Para conocer más sobre esta organización y auscultar la salud del sector cultural, Periódico Visión conversó con el profesor Hernández, director del proyecto y experto en Administración de Empresas.

Inversión Cultural afronta su 13 aniversario en un contexto de enormes retos. ¿Cuál es la evaluación que hacen del desarrollo de la organización?

Siempre nos hemos visualizado como un jugador estratégico del ecosistema cultural.
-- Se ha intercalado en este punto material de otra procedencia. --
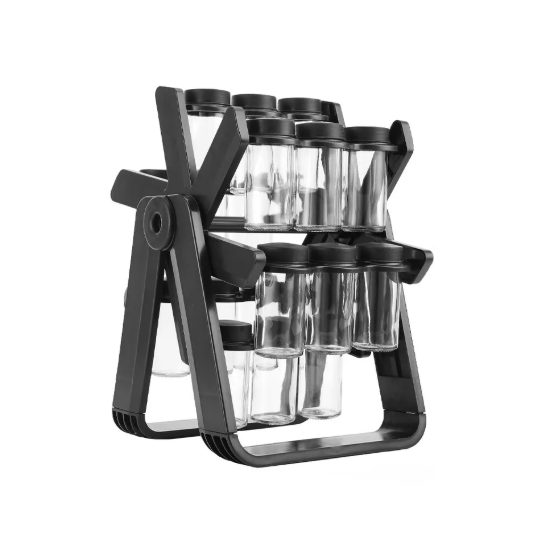 Rotating Spice Rack Organizer, Convenient and Compact Spice Storage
Yo diría que hay tres etapas importantes: la primera, una etapa para dar a conocer la importancia de la cultura en la economía, hacer entender que la cultura es importante en el desarrollo del país; en la segunda etapa nos dimos cuenta que teníamos que ayudar a formar: tuvimos incubación de proyectos, talleres de capacitación, etc.; en la tercera etapa estamos diversificando, empezamos a ayudar a municipios, a fundaciones, etc. Es la etapa más bonita, donde todos los sueños que teníamos se convirtieron en proyectos estratégicos.
Es momento de celebrar. Es un número irregular, pero nunca habíamos celebrado un aniversario con el volumen de trabajo que tenemos hoy. Esto es un mensaje de que estamos haciendo algo bien, y que servimos de ayuda. Son decenas de organizaciones que hemos impactado, y aunque el crédito siempre es de los emprendedores, nosotros ponemos nuestro granito de arena.

A través del LabCultural han recogido información de impacto económico, consumo cultural y empleabilidad del sector. ¿Qué nos dicen los datos en el contexto actual?
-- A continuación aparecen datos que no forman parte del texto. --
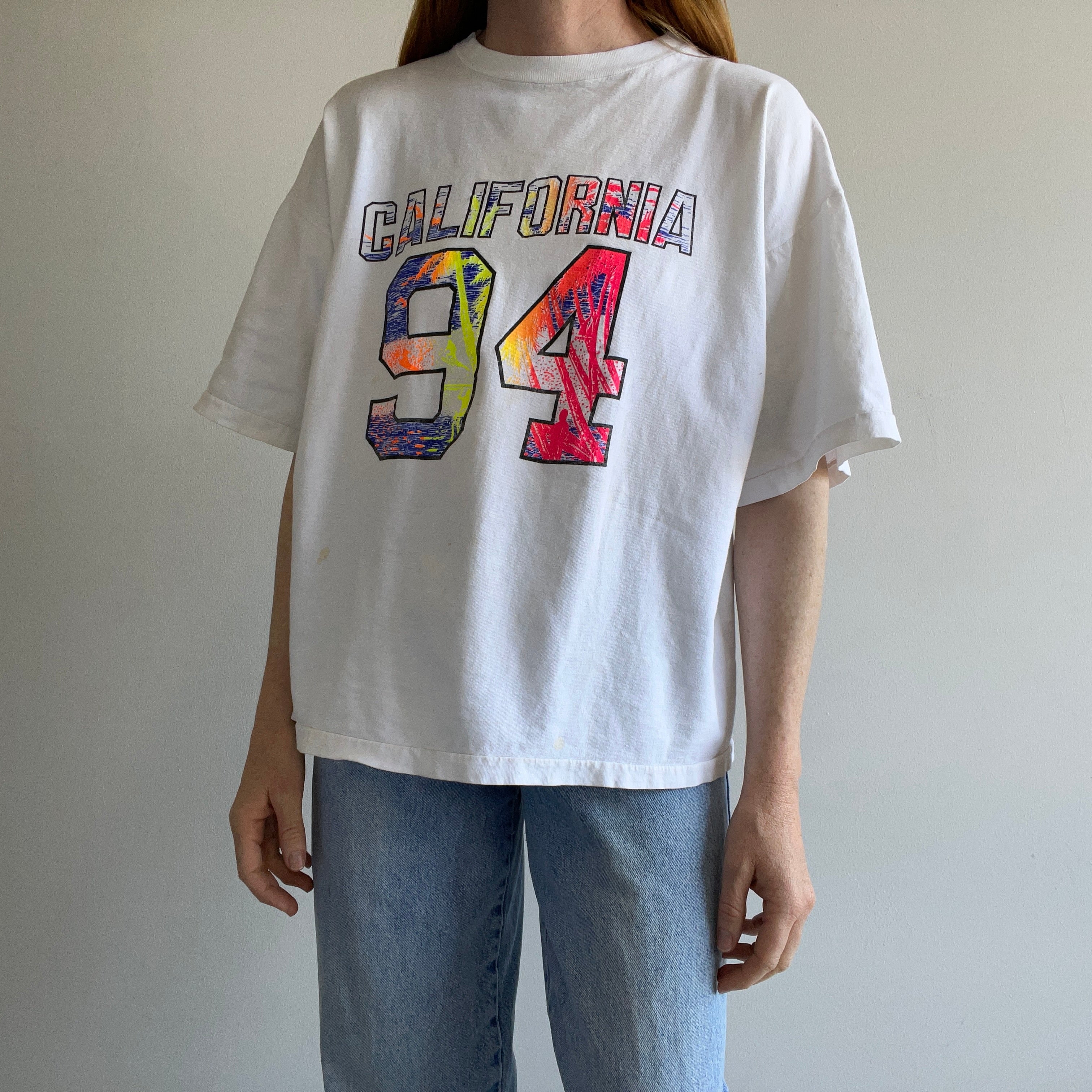 1994 California Tourist T-Shirt from Venice Beach - Holes + Stains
Ha habido una contracción del trabajo cultural, incluso antes de la pandemia. Hay actividades en las que aunque aumentó el consumo, disminuyó el gasto del usuario. Eso es un reto de sostenibilidad: si la gente asiste pero no paga, no se sostiene el sector. Eso nos apunta a unos retos de modelo de negocio, y poner en contexto a dónde nos lleva lo digital.
Hay sectores con mayor disposición a cobrar por sus servicios virtuales, por ejemplo los conciertos o los videojuegos, versus las artes escénicas, artes visuales, etc., que van a tener dificultades para monetizar. Necesitamos que cada sector analice sus datos y tome decisiones estratégicas.

¿Cuál es la importancia de recoger datos para analizar el sector cultural?

Una de las razones es porque EE.UU. no nos incluye en sus informes. Parte del esfuerzo es que el National Endowment for the Arts (NEA) nos haga presentes y se encarguen de incluirnos en sus datos. Es un tema de justicia demostrarle a la NEA que tiene que visibilizarnos. Esto le pone presión a ellos, porque les cuesta dar datos de un territorio al lado de los Estados, es un issue colonial y eso no lo despinta nadie.En Naciones Unidas les reclamaba incluir a Puerto Rico en los informes, pero me decían que no podían, porque no es un país. Estamos invisibilizados por la ONU por no ser un país y por EEUU por ser un territorio.

Ante ese aislamiento internacional, ¿qué rol debe jugar el Estado en Puerto Rico para apoyar las artes y las industrias creativas?

Yo creo que el Estado tiene que tener una intervención en la cultura. El Estado es un arquitecto, ayuda a diseñar y garantiza equidad. Requiere poner dinero, recursos y regulaciones para garantizar unos balances. No hay emprendimiento que vaya por encima del rol del Estado. Hay áreas fuera del mercado como el patrimonio, expresiones folklóricas o la música clásica, que por su naturaleza de producción no pueden ser mantenidas por el mercado.

Defiendes en tus libros ‘La ruta emprendedora’ y ‘Emprendimiento creativo’ que hay que profesionalizar al sector.

Nos hemos ido moviendo en la dirección correcta, hay más conciencia en las instituciones universitarias de que la formación del artista tiene que ser integral, que no solo hay que promover el talento, sino cómo se va a poner ese talento al servicio de la sociedad.
Eso es emprendimiento, es autogestión. Hay que darle herramientas a los profesionales de la cultura para que puedan practicarlo, si no no estamos siendo responsables.